The episode does begin with a big disclaimer that the entire conversation has been generated by AI. The podcast maker also taps into the expertise of play.ht, which, according to its webpage, gives one the option of 907 ultra-realistic voices to choose from.
Podcast.ai states that they chose Jobs for their first project due to his impact on the technology world and how he continues to inspire people, much after his death too.
What can one expect in the podcast?
The near 20-minute audio interview is a free-wheeling chat between the AI-powered Rogan and Jobs, both of who seem to have bursts of cynical laughs at the beginning of the episode for no specific reason.
After Rogan shares the joy of having one of the best minds of the technology world on the show, the man who gave us the Mac, the conversation very quickly moves to Jobs' past when he was a Reed College for a brief period and his journey through India seeking enlightenment and studying Zen Buddhism.
Jobs has many good things to say about the Indian subcontinent and how, as a culture has given so much to civilization, including the art of storytelling. Jobs highlights an Indian epic which is "ten times as long as the Iliad," before moving on to how his journey through India helped him learn the true meaning and purpose of the cosmos.
Unsurprisingly for a Joe Rogan podcast, the conversation steers towards the mind-altering drug, LSD, and Jobs' experience with it. However, after speaking of his profound experience while using LSD the first time, Jobs also stresses how his mind was expecting wonders from subsequent uses, fading the experience, which made him stop using it.

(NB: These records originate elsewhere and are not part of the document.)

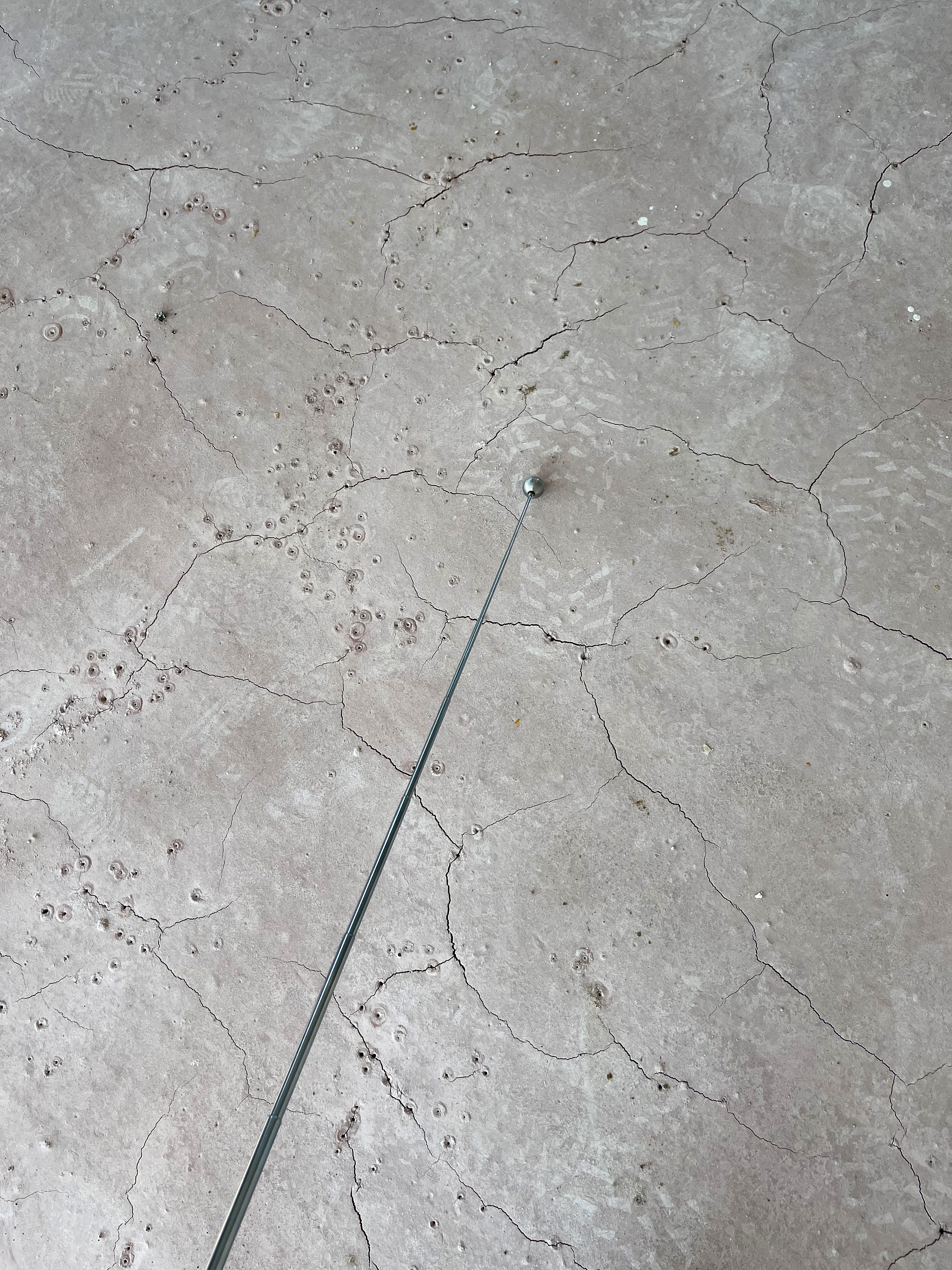 Fehlerhaftes und zu frühes Aufheizen: Vollständig zerrissener Heizestrich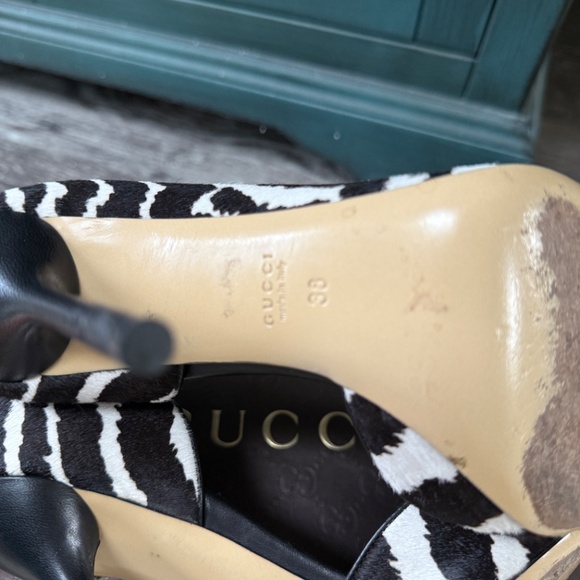 GUCCI Zebra Pony Hair Pointed D'Orsay Pumps Size 38 / 8 - Picture 10 of 10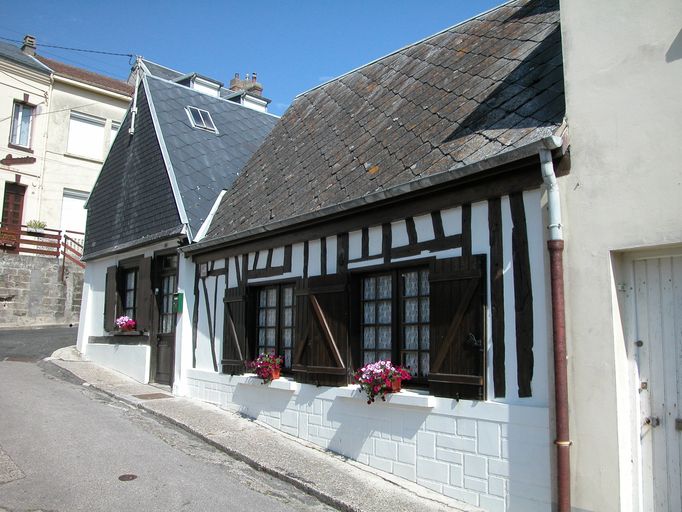 Maison ancienne avec pans de bois apparents, 12 ruelle de la Grande-Rue.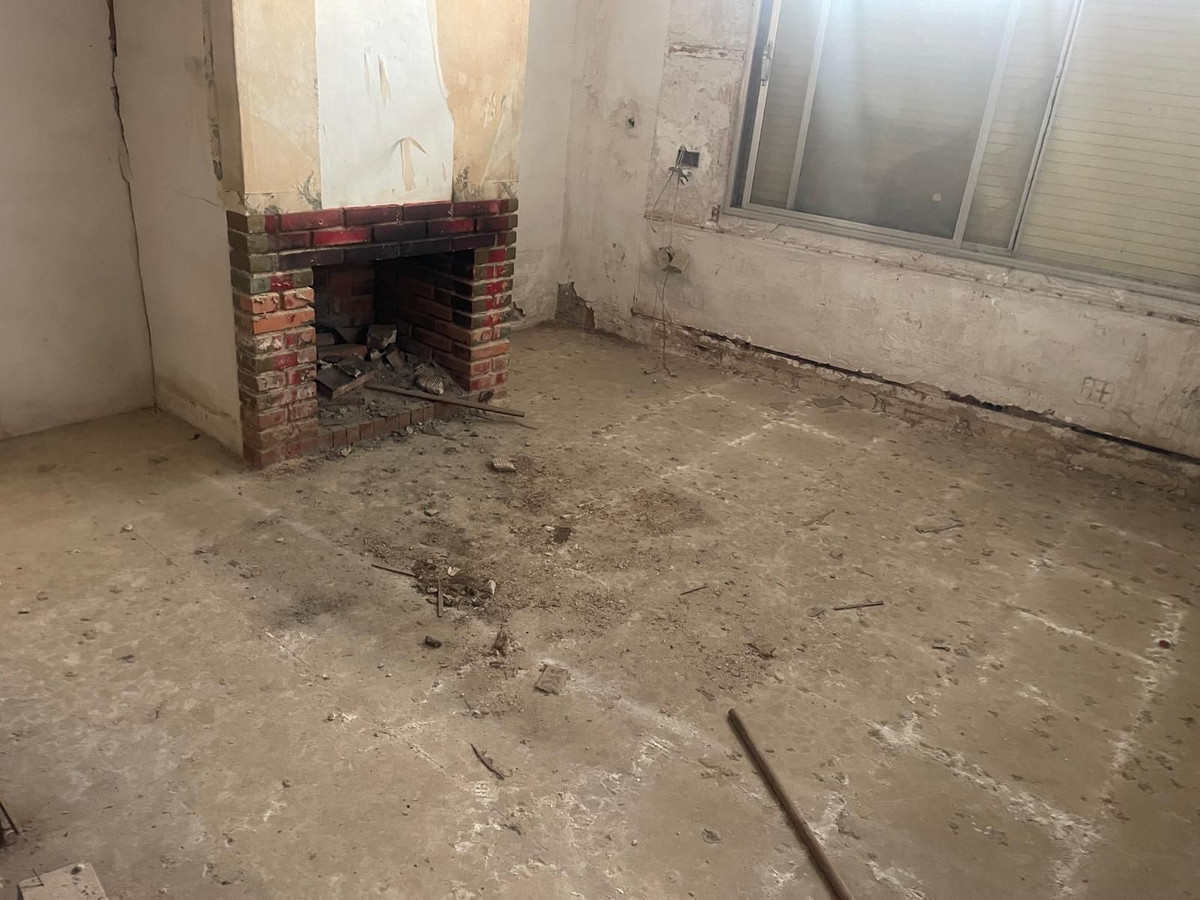 For sale - 4 Bedroom 2 Bathroom House - Semi-Detached House in Dolores - Dolores Centro  - Alicante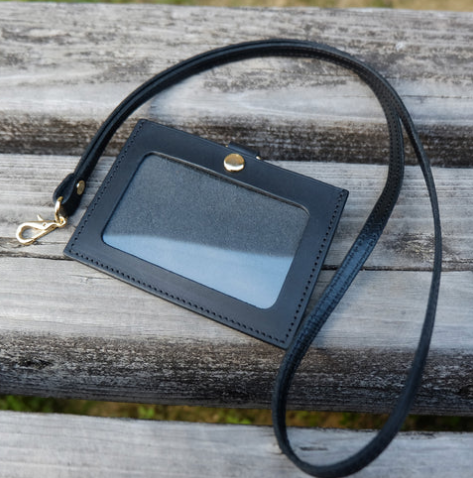 上質本革IDパスケース 上質 レザー 高級感 手縫い 通勤 旅行 コンパクト カード 収納力 免許証 社員証 世界に一つ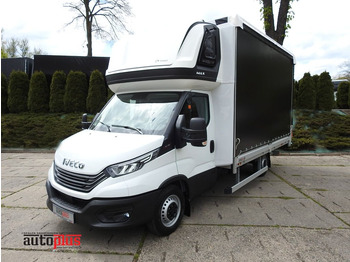 Furgoneta con lona IVECO Daily 35s18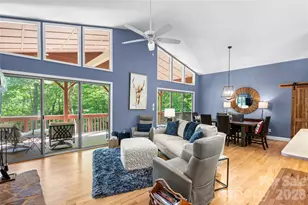 522 Toxaway Ct, Lake Toxaway, NC 28747 - Photo 4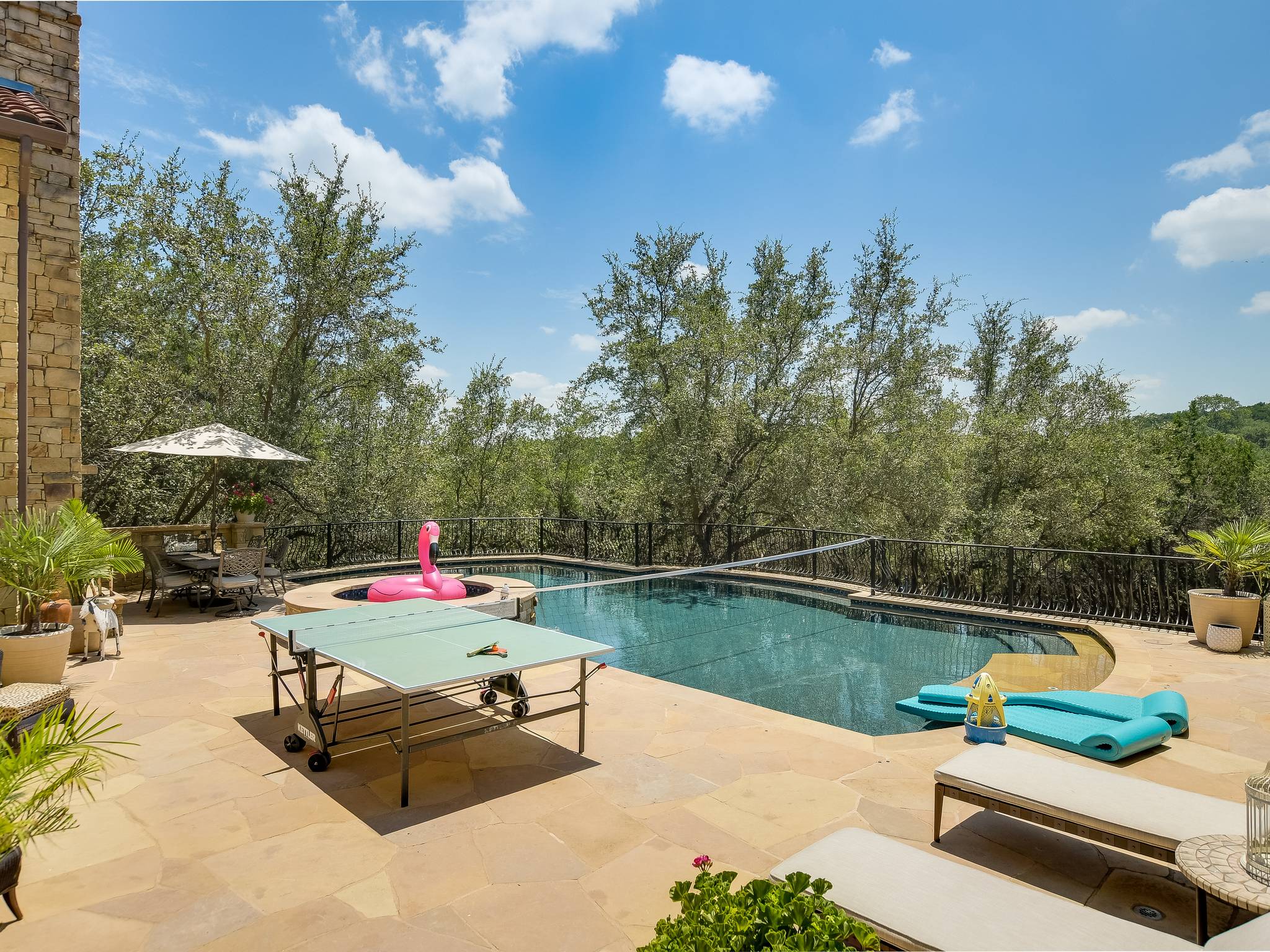 Rock Cedar House - Image 41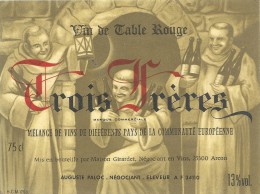 --VIN DE TABLE ROUGE--TROIS FRERES--AUGUSTE PALOC-NEGOCIANT-ELEVEUR A F-34110-- - Languedoc-Roussillon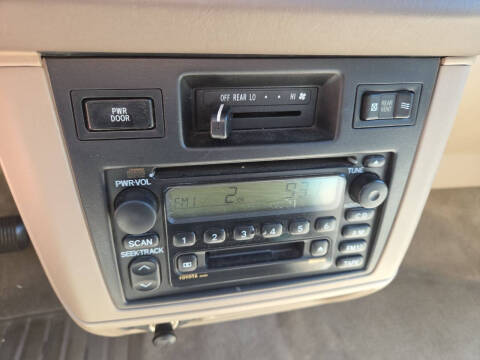 2000 Toyota Sienna LE
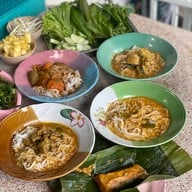 ขนมจีนพี่ป้อม ถนนวิชิตสงคราม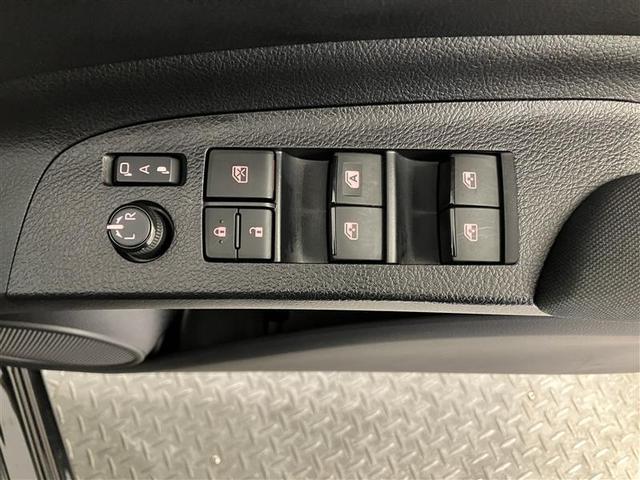 シエンタ ファンベースＧ　クエロ　バックモニター　ＬＥＤライト　スマートキー　横滑り防止装置　オートエアコン　ＥＴＣ　Ｗエアバック　パワーウィンドウ　盗難防止装置　メモリーナビ　フルセグ　アイドリングストップ　ナビ＆ＴＶ　ワンオーナー（32枚目）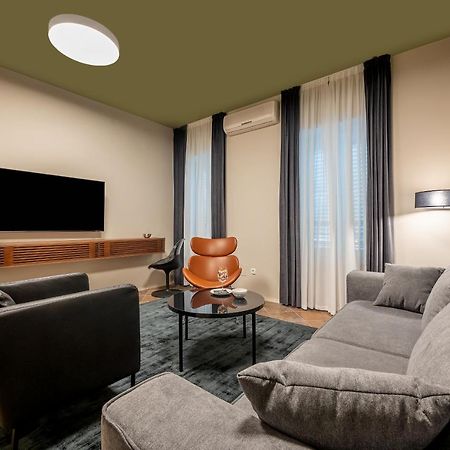 Green, Deluxe Two Bedroom Suite Split Exterior photo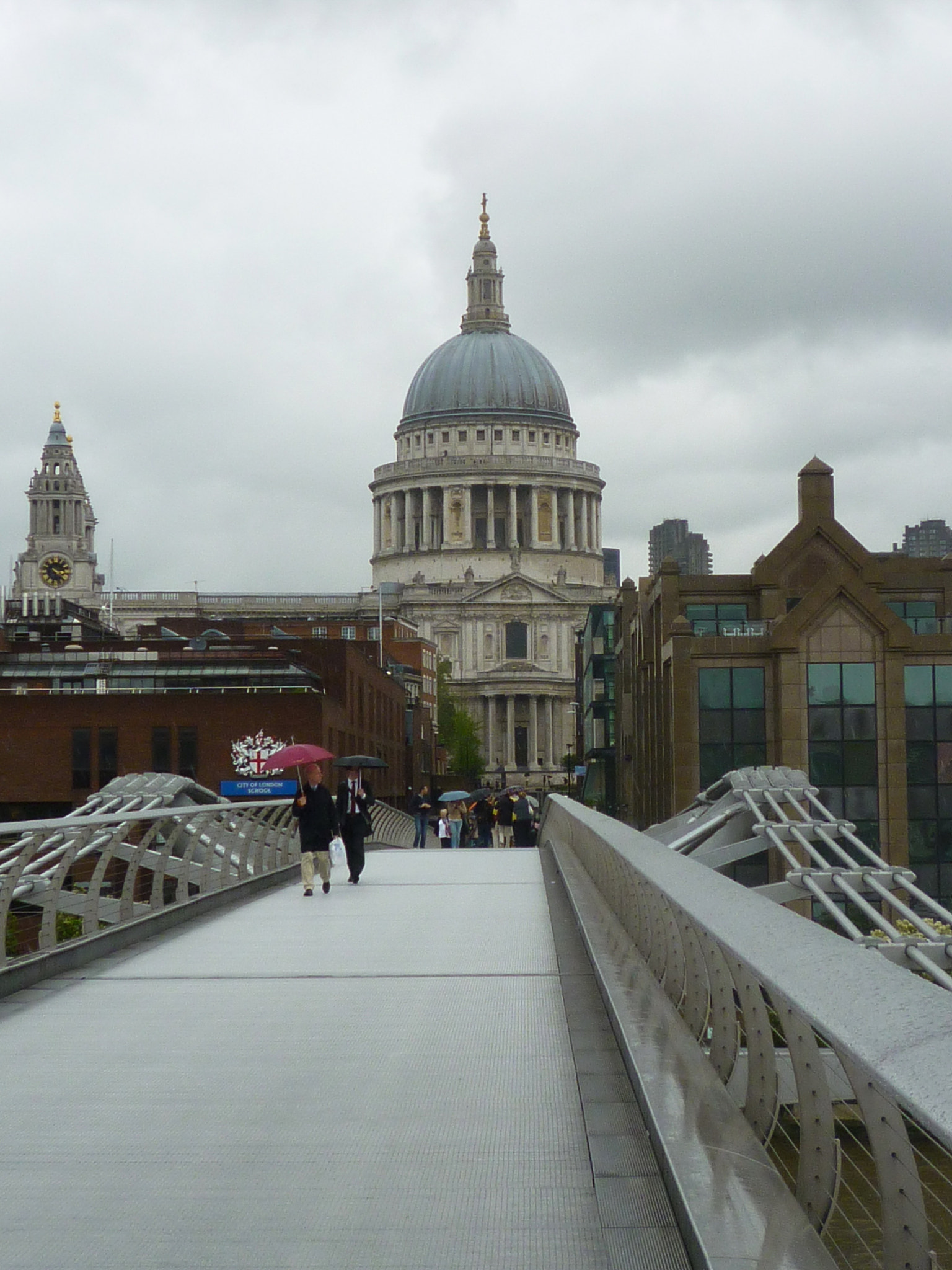 Panasonic DMC-FS15 sample photo. London in the rain photography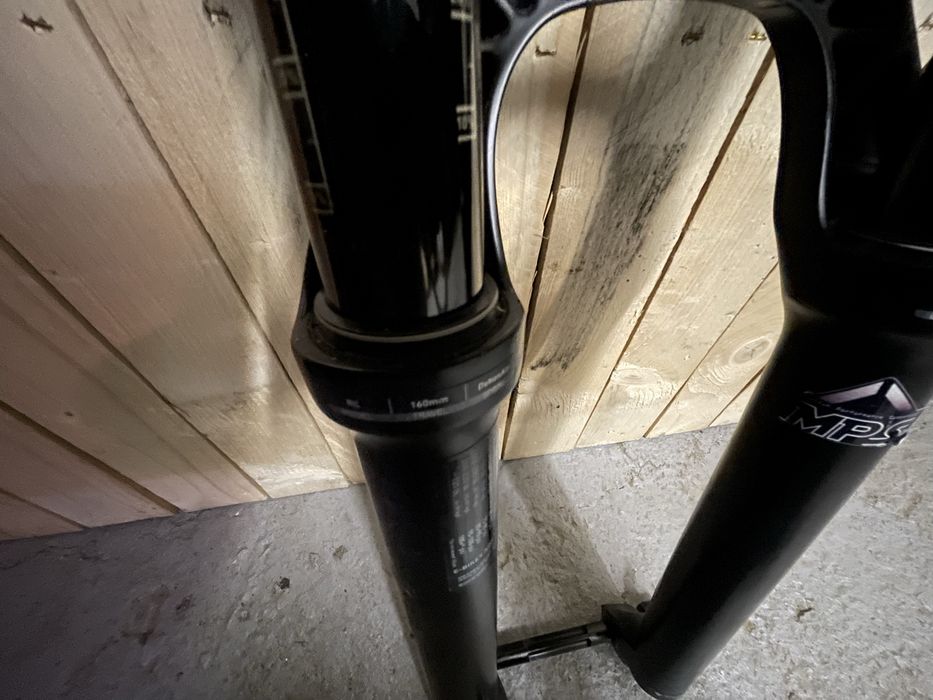 Rock Shox Lyrik  29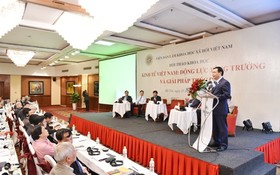 政府副總理王廷惠在“增長動力與促進措施”科研會上發表演講。（圖源：日北）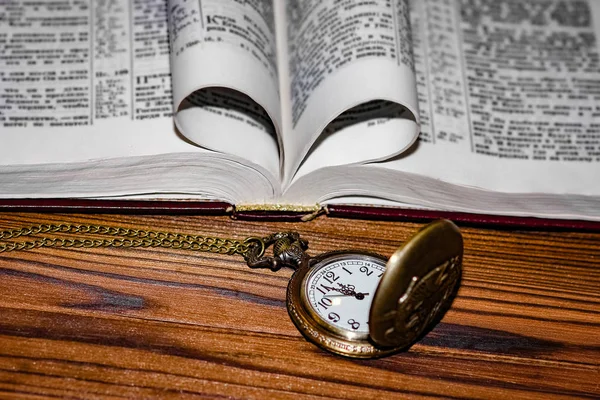 Карманные часы с фоном книги — стоковое фото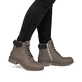 Zimtfarbene Rieker Damen Schnürstiefel Y9118-24 mit Strick-Kragen. Schuh am Fuß.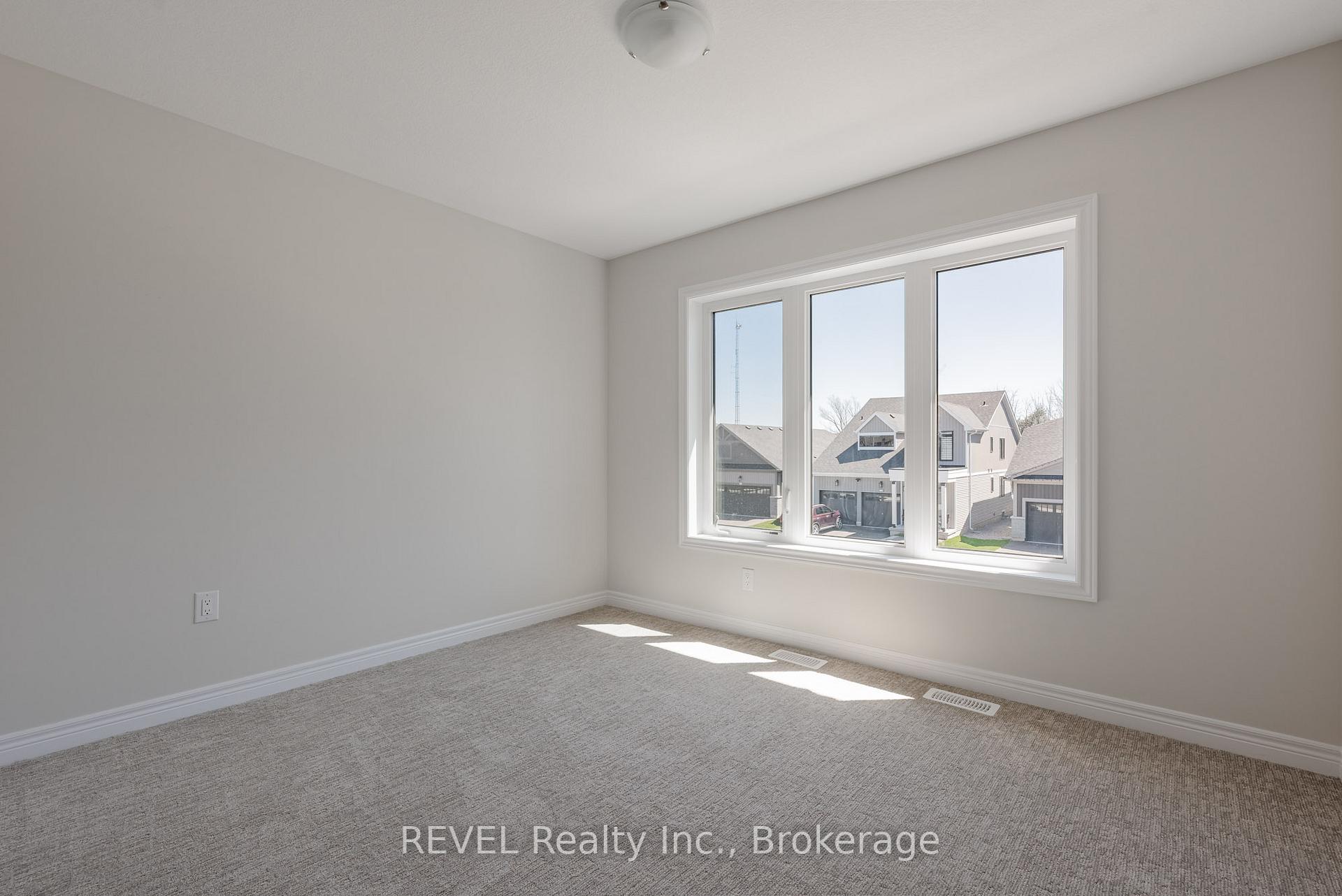 Photo 18 of 98 Marion Street, Hamilton, Mount Hope — HOMEH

The episode is littered with references to Macintosh and how his company Apple is not about creating new "world-changing" products but about using the process of innovation to keep improving them for the user. Jobs laments about the absence of "aesthetic sense" at Microsoft since the people who founded the company were "mathematicians and scientists who don't understand how people want to experience things."
The podcast also provides Job's view on what kind of company Adobe is and what is needed to fix it. Jobs compares Adobe products to selling the users "a quarter of a car," which needs to be fixed on priority. He admires their Digital Hub move but thinks there are too many people working on it.
Jobs heaped praises on Google for having the same "innovation-focused processes" but also said that he did not see any company that came close to Apple in replicating it. The need to keep improving existing products is what keeps Jobs motivated, the Apple co-founder states in the podcast.
Jobs is also of the view that the advancements in computing are already seeing people out of work, and yet, one shouldn't be afraid to throw a computer out of a window, even if it were a Mac.
What to make of such interviews?
While it does seem like quite a long interview spanning a wide range of topics, the information that comes through is what is available in the public domain. Podcast.ai states on its webpage that the AI was trained on Jobs' biography and the online recordings available online.
While these might be great starting points for someone who doesn't know much about Jobs, his greatest admirers will see the lack of any insights that a real Jobs talk would have had.
Podcast.ai is seeking suggestions from people on whom they want to hear from next and on what topic. This might work well for a public figure like Jobs or a President of a country, but the AI would have little to train upon if you wanted your dead grandparent to talk to you about the joys of life.
So, as grand as it sounds, these experiments need to be taken with a pinch of salt. AI might now be able to reach new lengths of conversations, but we should know when it needs to be scrapped, just like Jobs would do with his Mac.